A few weeks back, Mike wrote a piece about the recently passed America Invents Act
. One of the details he noted was that the US Patent system would be switched from a first-to-invent to a first-to-file platform under the notion that this would both bring us in line with how most other nation's patents work and cut down on wasted time required to prove the difficult matter of who was first to invent. As the post noted, this could cause some problems:
First, it encourages inventors to file for lots of patents as early as possible to beat anyone else to the Patent Office, rather than making sure that the invention is actually worth patenting. It also seems to go against the basic principle of the patent system, if it's supposed to reward actual inventors.
Of course, this attitude of focusing on filing first before doing anything else is already permeating many businesses.
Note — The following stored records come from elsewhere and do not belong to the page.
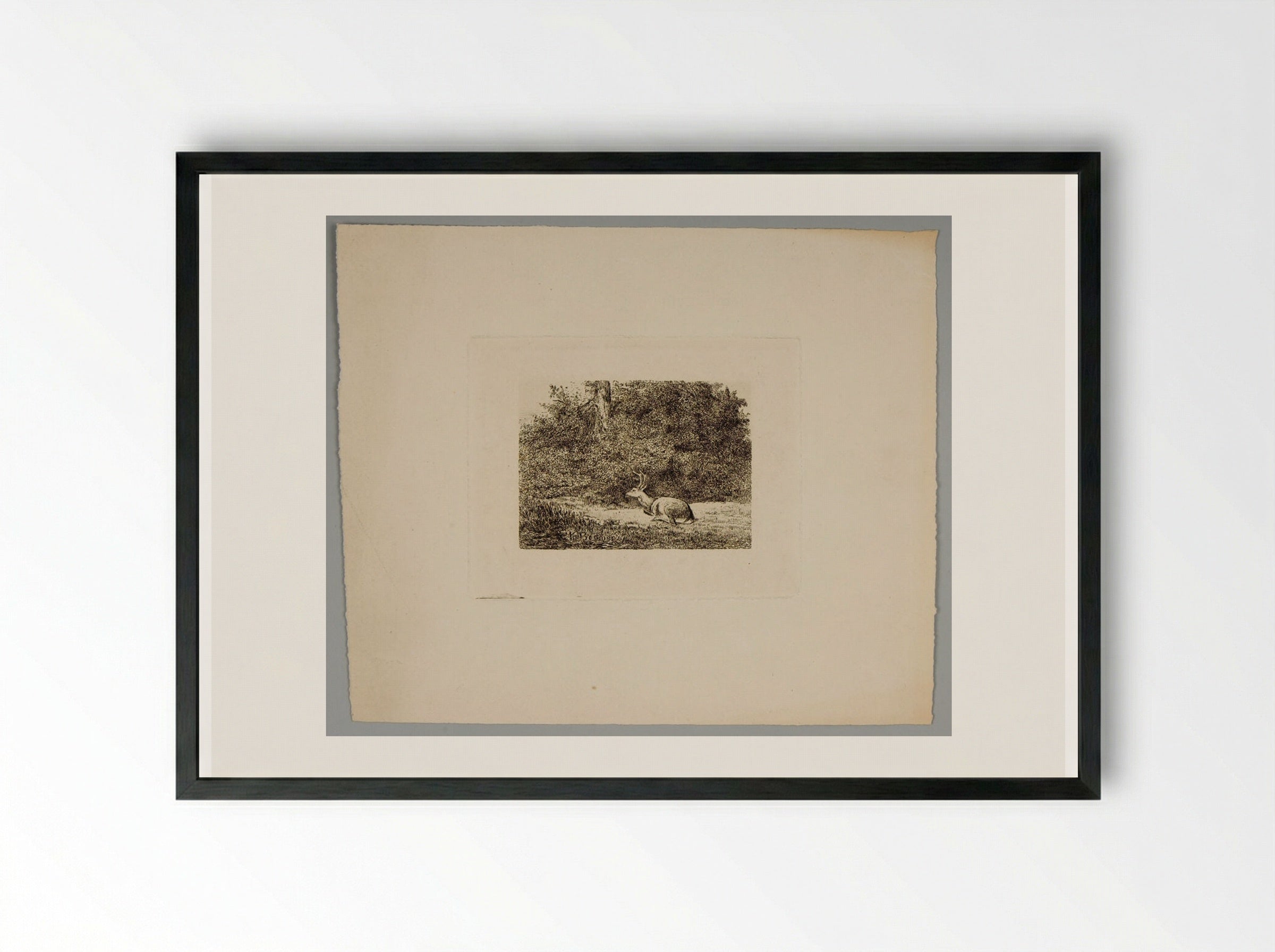 Stag Resting - Karl Bodmer - Framed Print Black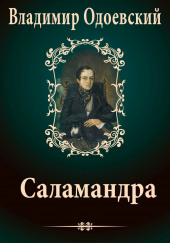 Саламандра. Десять вечеров в доме на Фонтанке — Владимир Одоевский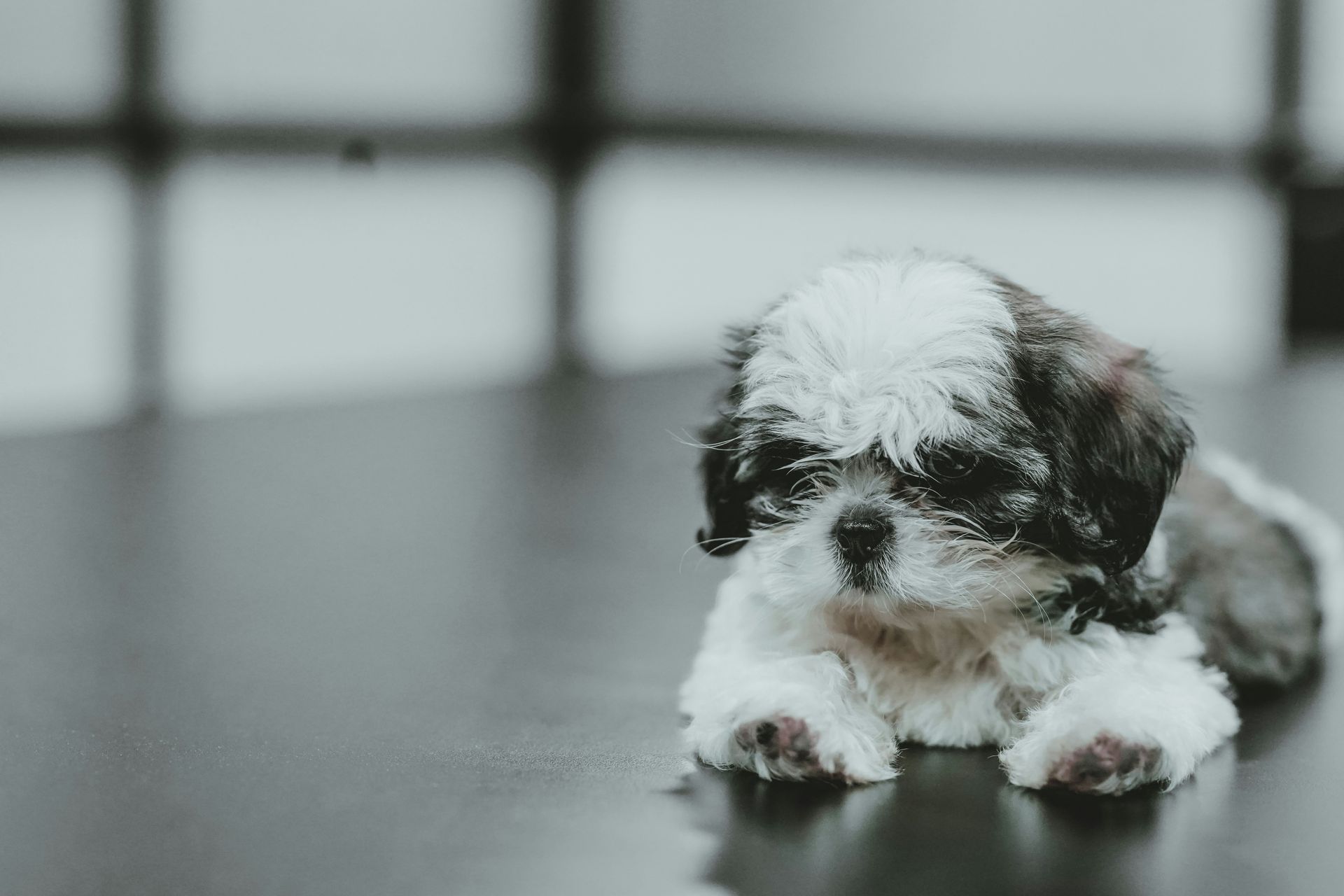 Small black-and-white puppy lying on a dark floor, looking downward.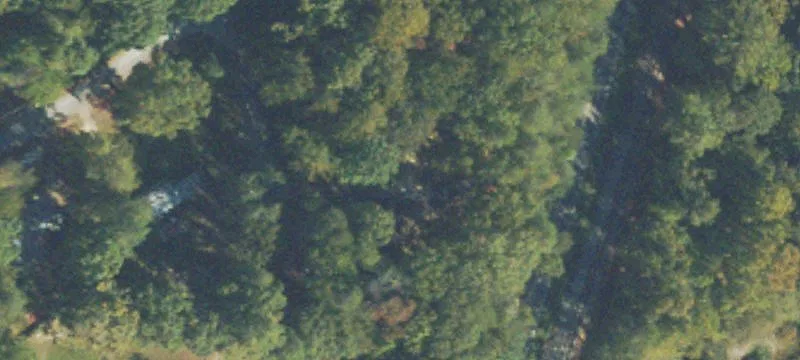 Wooded Home Lot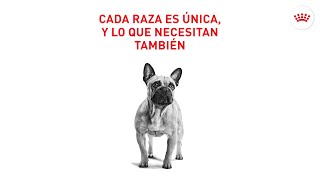 Royal Canin  Cada raza tiene necesidades únicas [upl. by Kathye]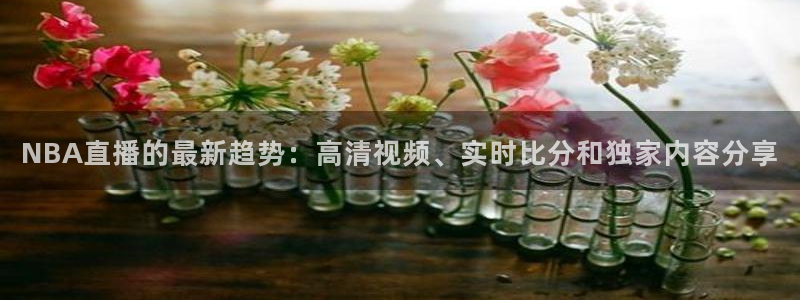 so米nba直播吧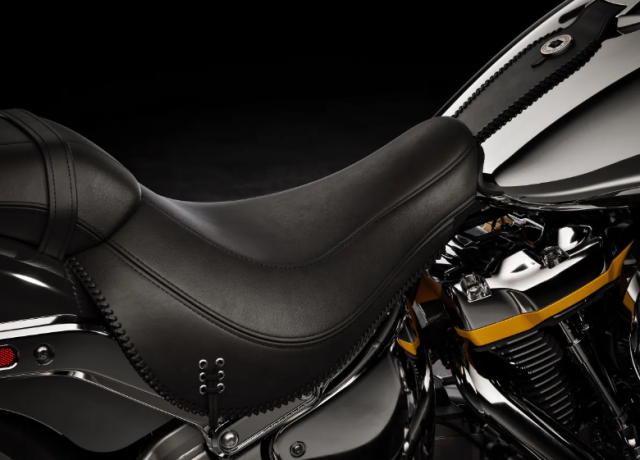 HarleyDavidson Fat Boy Gray Ghost Co may anh bac khuay dong moi anh nhin - 20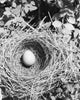 High Angle View of an Egg in a Bird's Nest Fine Art Print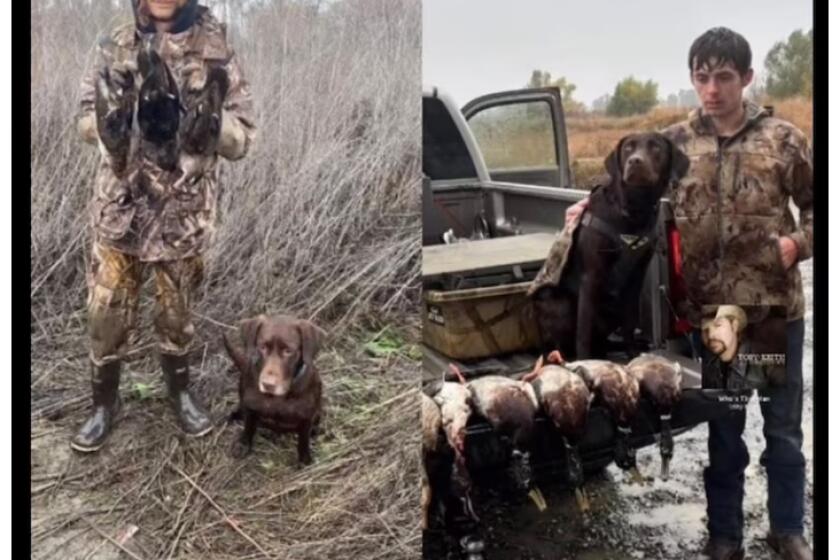 Butte County Sheriff’s Search and Rescue teams are out at the Thermalito Afterbay, looking for two duck hunters, ages 17 and 19, who went missing over the weekend. Butte County Sheriff's Office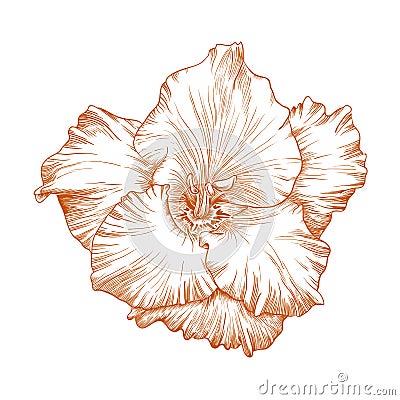 Gladiolus flower. Vector Illustration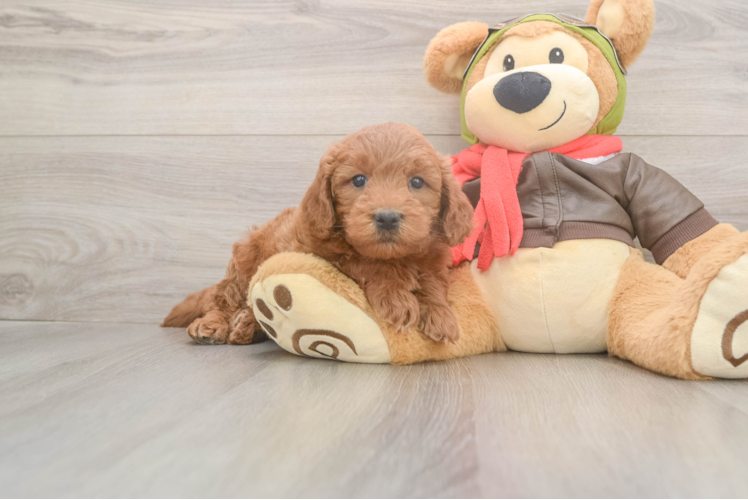 Small Mini Goldendoodle Baby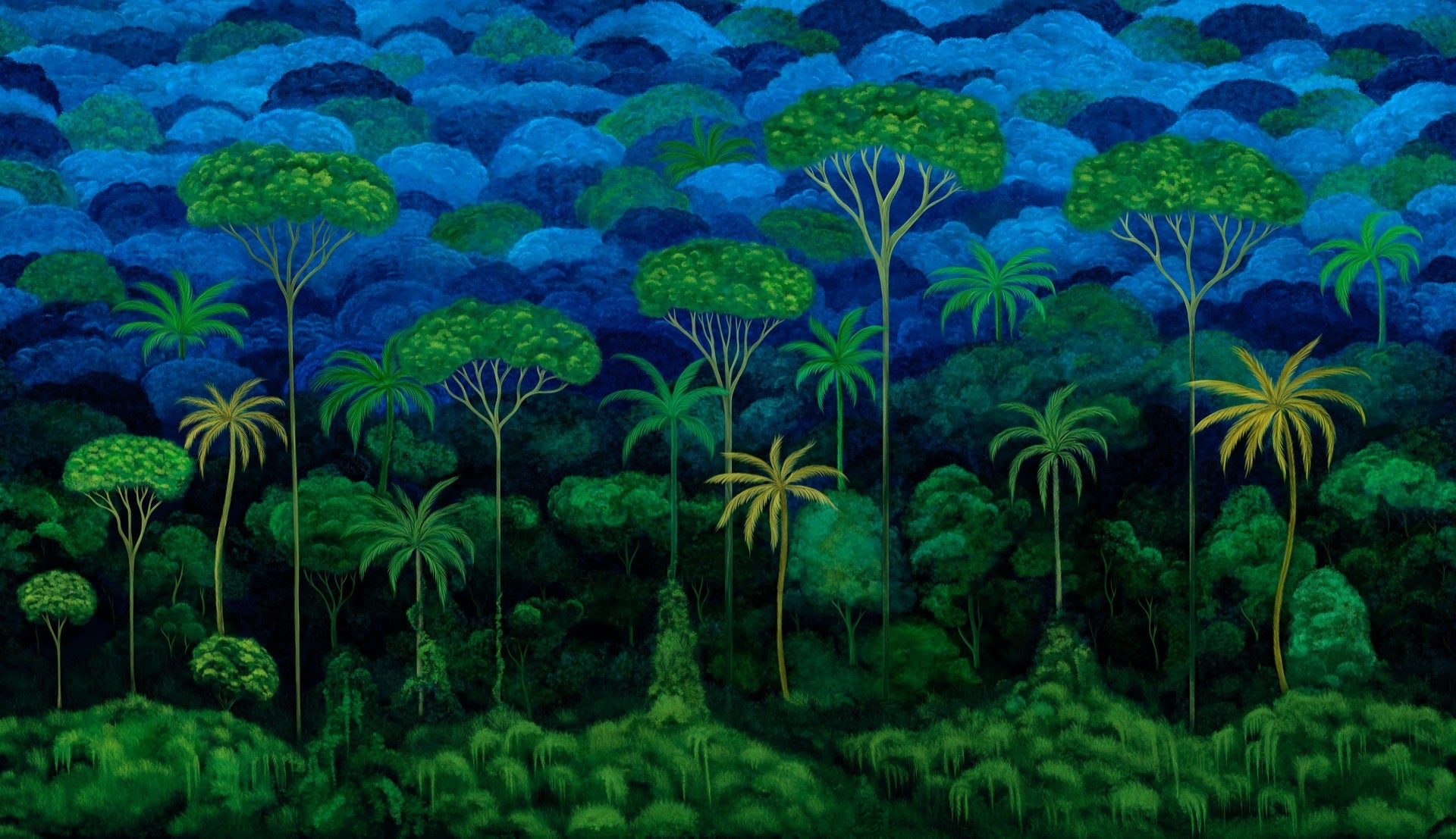 Ciel Tropical - Bright Midnight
BusinessWeek has the story of a company called Tactus Technology, who hired patent attorney Jeffrey Schox and managed to make its first priority the filing of twenty patent applications
. It did this before getting funding. It did it before even beginning to build a prototype for their invention. And it did it because their attorney is teaching the company to use its patents not as a defense, but as a weapon:
The Schox method revolves around teaching startups to view intellectual property as a weapon. How might a rival get around those patents? What features might they think of? Schox often asks engineers who haven’t even built their first prototype to conceptualize unusual extensions of the technology, so that these ideas can be protected just in case. It’s well worth the trouble. Schox says the going rate for a hot patent now is about $1 million. “Decades ago a machine might have five or 10 patents,” says Schox. “Today, the phone in your pocket has about 5,000. It’s just a much different landscape to think about.”
This is how broad-based patent applications get written. The strategy appears to no longer be to have a great idea and invent it. Instead, the strategy is to have a great idea, patent the ever-living hell out of it, then
patent every conceivable other use for anything similar to your idea, then maybe actually build something (note: Tactus is
actually building something), but also get your wallet ready for all the licensing money that is going to come your way.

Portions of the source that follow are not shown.